憲法修正に反対意見が出ない理由

 もう一つ興味深いのは、憲法修正について、意外なことに、さほど強い反対意見を彼らは言わない。習近平政権が声高に安倍政権の憲法修正発言を批判しないのは、単に日中関係改善を期待するあまりの配慮かと思っていたのだが、それだけではないようだ。くだんの体制内学者は、日本の憲法修正について「戦後との決別」と表現した。別のシンクタンクのアナリストは「日本の国家正常化」と形容した。憲法修正が中国にとってプラスかマイナスかという問い方をすれば、「“平和国家の道を捨てる”という意味では中国にとってマイナスである」「中国政府としては日中の歴史的経緯からしても、反対と言わねばならない」と答えるが、中国人として受け入れられないということはない、という姿勢だ。

 国務院に政策提言なども行っているシンクタンクのアナリストは日中関係改善が、たんなる日中だけの話ではなく、ポスト米国一極主義の「国際社会のニューストラクチャー」という意味で重要とみる。つまり「一加三=米国と日・中・独(欧)」の多極主義の枠組みを中国の市場開放の進捗とともに形成することで、目下の米国からの圧力をしのいで行きたいという目論見だ。そこでキーワードになるのが反保護貿易主義、グローバル自由市場、気候変動枠組み条約。この部分は、日本もドイツも、米国と利害が衝突する部分であり、日中独が共同歩調をとれる分野と主張する。巨大な中国市場という魅力ある餌で、日独欧の企業を釣り上げて、米国一極支配の国際社会の枠組みから新しい多極構造に変えていこう、という。
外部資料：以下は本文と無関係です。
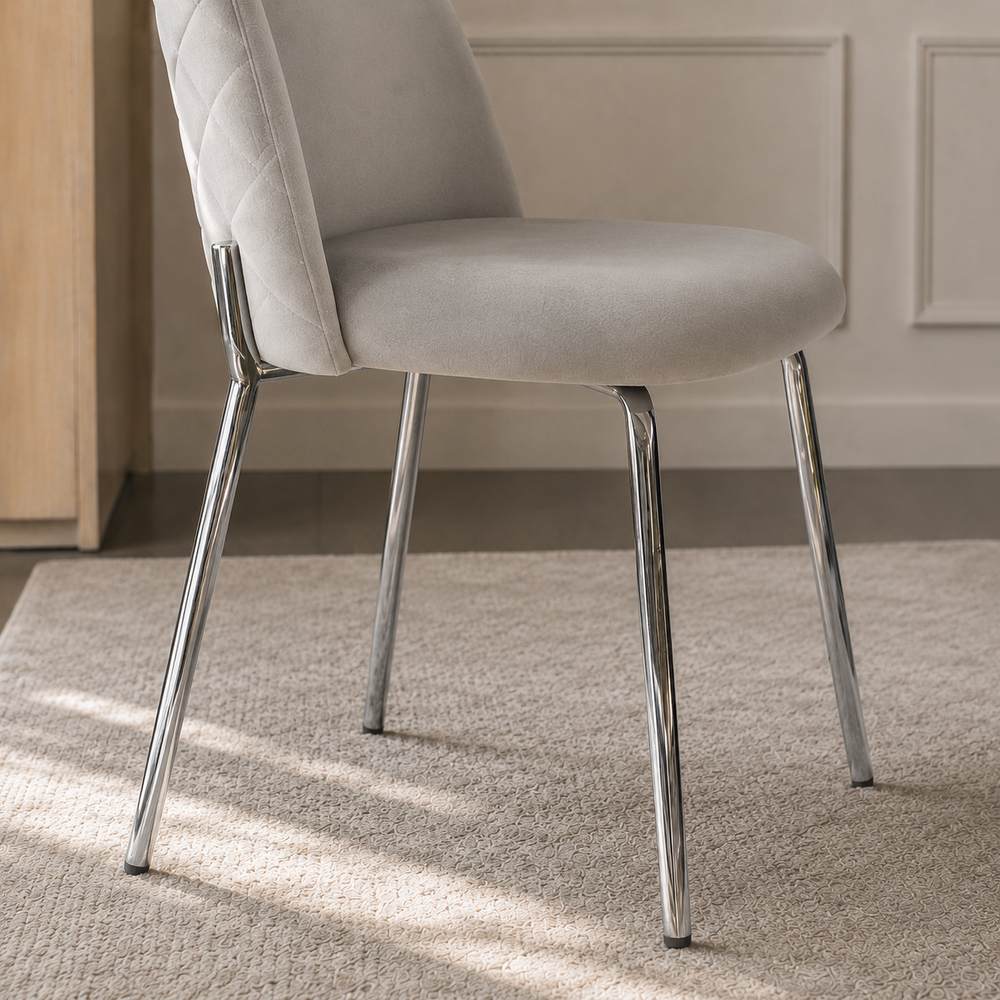 Detalle de las patas metálicas cromadas y el asiento tapizado en pana gris de la silla Catania.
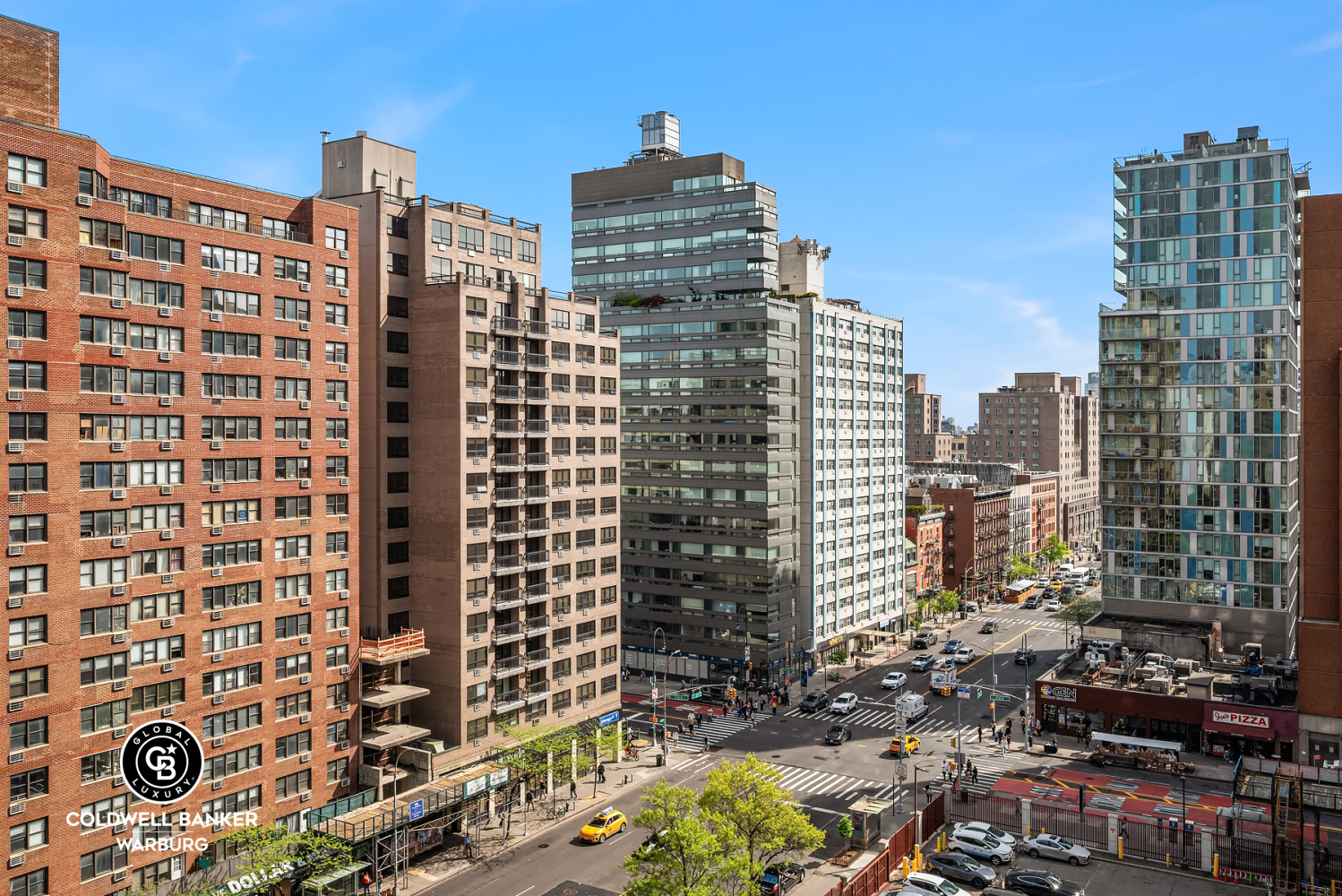 City view over a Manhattan intersection, with mid-rise buildings and a leafy street.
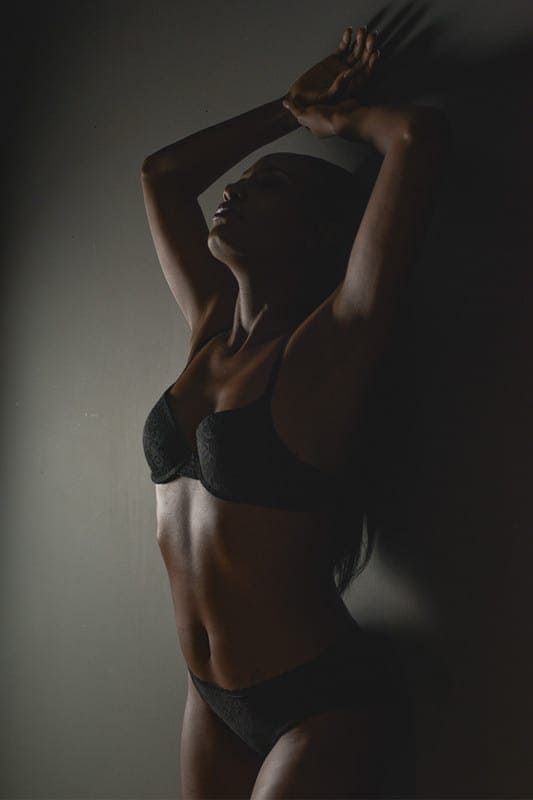 Boudoir pose of woman standing with her back to wall in moody lighting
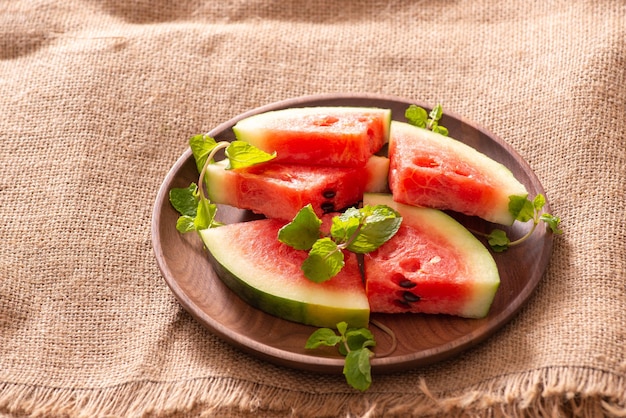 Frische Wassermelone, geschnitten auf einer Holzplatte auf Stoffhintergrund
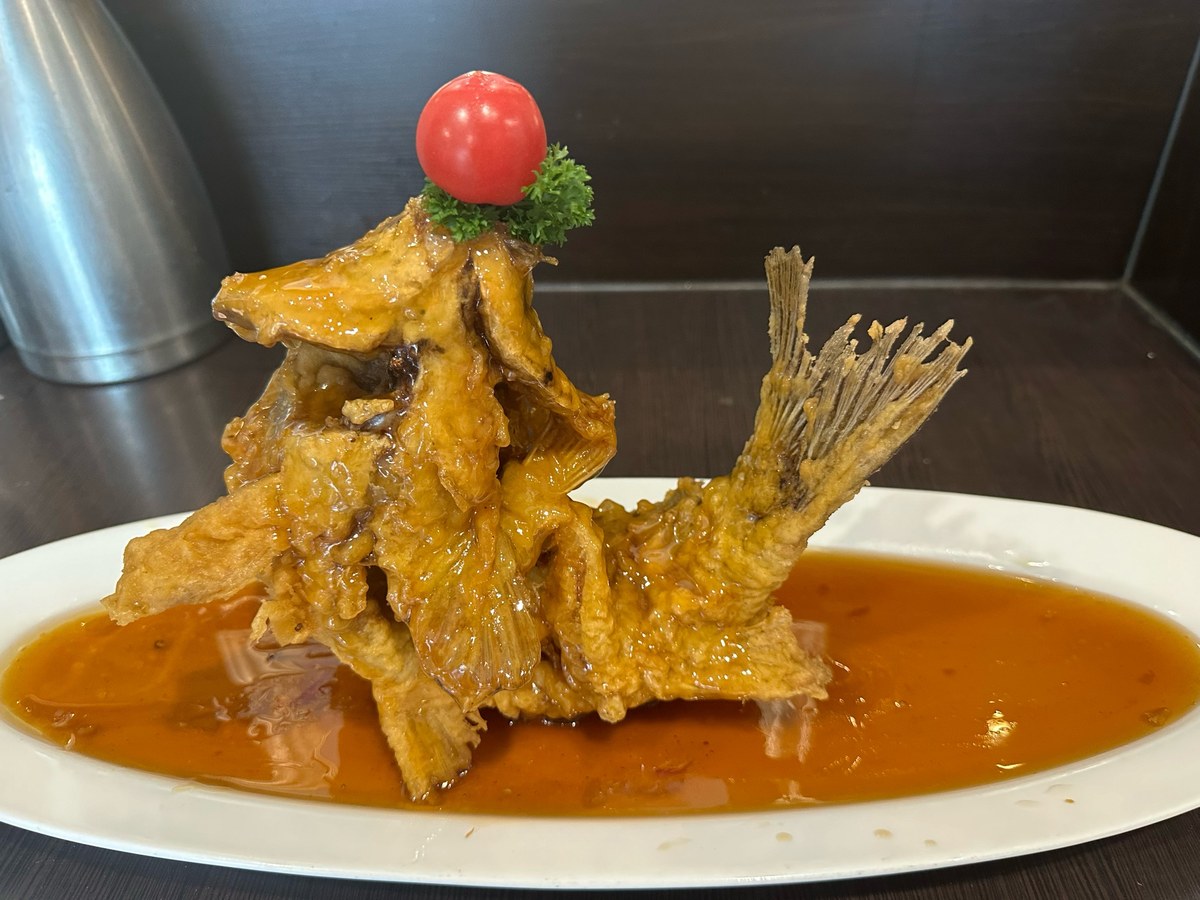 Sweet-and-sour carp close-up — deep crosshatch scores fanned open like a pinecone beneath translucent amber sauce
 ただ「いくら規模が大きくとも、自由に資金移動ができない、共産党がビジネスに干渉してくるような市場では開放といっても限界があるのでは。同時に金融、為替の自由化を進めない限り自由市場を名乗ることはできないが、それをやると共産党体制は維持できないかもしれないのでは?」といった意見をいうと、「まあ、それはおいおいに」と言葉を濁すのである。だが今の中国にしてみれば、日本が米国の影響下、支配下から多少なりとも抜け出すという意味で、平和憲法を修正して戦後と決別し国家正常化を果たすということは、さほど反対する必要もないのかもしれない。